While most of this article has focused on polymer or ASP floods—long-term EOR schemes that cost millions of dollars—operators may also be able to improve their economics greatly through a polymer gel treatment—a one-time affair that may cost only $100,000 or $200,000 per treatment to reduce water production.

And water production is a huge issue. Baker, who has consulted on EOR all over the world, says about 80 per cent of global oil reserves bookings are from fields more than 20 years old. In other words, 80 per cent of the worldwide new reserves booked every year are added from mature fields. In North America that number is about 95 per cent.

“And when you look at those fields, you produce a water/oil ratio of about 20 to one,” says Baker. “Let’s say Canada produces about 2.6–2.7 million barrels of oil per day; we could produce 20 times the water.”

So it’s hard to overstate the importance of water—from an economic as well as an environmental standpoint. For example, if an operator can go from a 20-to-one water/oil ratio down to a 10-to-one ratio, operating costs may be reduced by $10 per barrel.

One way to cut water production is to plug off cement channels or natural fractures that, in a waterflood, may allow water to flow from injection wells to oil production wells.

So how many reservoirs in western Canada could benefit from the use of polymer gel treatments to achieve water shutoff?

To find out, Gaffney Cline and Associates, a unit of Baker Hughes, came up with screening criteria for Alberta and Saskatchewan oil pools, using public data. The reservoirs had to have high water cuts, very low recovery factors and oil wells being shut in due to uneconomic water production.

In addition to poorly performing waterfloods, each oil pool had to have at least five million barrels of remaining oil-in-place to ensure there’s enough incremental oil left to make a gel treatment economic.

The result?
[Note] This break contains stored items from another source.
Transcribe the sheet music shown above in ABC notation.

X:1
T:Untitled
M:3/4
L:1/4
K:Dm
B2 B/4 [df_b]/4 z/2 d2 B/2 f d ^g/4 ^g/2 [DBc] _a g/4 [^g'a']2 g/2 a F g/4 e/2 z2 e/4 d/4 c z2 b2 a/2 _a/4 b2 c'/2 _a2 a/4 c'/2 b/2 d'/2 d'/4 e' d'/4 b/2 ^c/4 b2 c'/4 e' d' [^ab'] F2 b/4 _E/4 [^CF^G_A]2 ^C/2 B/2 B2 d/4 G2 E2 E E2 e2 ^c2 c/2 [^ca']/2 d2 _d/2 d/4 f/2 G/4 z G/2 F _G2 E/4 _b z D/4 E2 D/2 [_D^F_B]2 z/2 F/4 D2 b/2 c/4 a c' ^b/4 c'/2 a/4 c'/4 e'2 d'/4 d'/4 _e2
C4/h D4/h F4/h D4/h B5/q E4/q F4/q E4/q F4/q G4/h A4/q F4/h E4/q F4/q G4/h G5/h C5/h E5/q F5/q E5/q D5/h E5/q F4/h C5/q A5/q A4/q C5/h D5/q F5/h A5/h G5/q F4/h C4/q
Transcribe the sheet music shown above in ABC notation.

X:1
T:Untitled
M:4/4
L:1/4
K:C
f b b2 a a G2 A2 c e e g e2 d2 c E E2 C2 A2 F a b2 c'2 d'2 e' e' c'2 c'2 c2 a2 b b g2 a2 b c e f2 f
The screening found 193 oil pools in southeastern Saskatchewan and 163 in Alberta that may be good candidates for a gel treatment water shutoff, says Kerry Sandhu, Gaffney Cline’s general manager.
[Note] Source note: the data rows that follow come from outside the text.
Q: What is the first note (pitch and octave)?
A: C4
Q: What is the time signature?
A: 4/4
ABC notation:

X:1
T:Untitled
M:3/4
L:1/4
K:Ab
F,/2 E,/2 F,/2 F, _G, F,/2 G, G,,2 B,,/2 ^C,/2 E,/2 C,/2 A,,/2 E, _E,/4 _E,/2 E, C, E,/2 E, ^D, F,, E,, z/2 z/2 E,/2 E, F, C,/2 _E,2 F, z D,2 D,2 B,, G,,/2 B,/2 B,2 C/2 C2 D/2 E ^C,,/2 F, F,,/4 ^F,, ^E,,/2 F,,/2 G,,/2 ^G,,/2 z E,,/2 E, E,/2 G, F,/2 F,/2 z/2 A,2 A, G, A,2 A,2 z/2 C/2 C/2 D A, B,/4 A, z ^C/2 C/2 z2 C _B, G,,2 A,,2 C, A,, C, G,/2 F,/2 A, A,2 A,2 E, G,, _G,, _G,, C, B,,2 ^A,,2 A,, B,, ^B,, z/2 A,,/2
  • Although most chemical EOR (chemically enhanced oil recovery) projects now use “designer molecules,” the basic concept behind the technology has remained the same for many years.
  • Polymer flooding is a continuous injection of low-concentration polymers during waterfloods to bring the viscosity of the injected water closer to that of the oil, thereby improving sweep efficiency in the reservoir. Like waterfloods and CO2-based EOR schemes, polymer floods are multi-year projects.
  • Polymer gel treatments are a one-shot deal. Injected polymers and crosslinking agents are pumped into fractures and high-permeability “thief zones” where they harden and reduce water production. This diverts injected water into previously unswept low-permeability layers.
  • Alkaline surfactant polymer (ASP) floods: In a straight polymer flood, polymer powder is mixed with injected water to produce a viscous fluid that will push more oil out of the pore spaces, improving sweep efficiency. Surfactant is essentially detergent. It changes the “wettability” of the rock, reducing the interfacial tension between water and oil. So besides the physical sweeping mechanism of a straight polymer flood, a surfactant polymer also washes oil from the rock. An ASP flood includes an alkaline chemical. In the case of Cenovus’s Suffield flood, the alkaline injectant reacts with the acids in the oil to create a natural surfactant. Organic acids in the oil reduce the amount of surfactant that needs to be purchased, thereby lowering operating costs.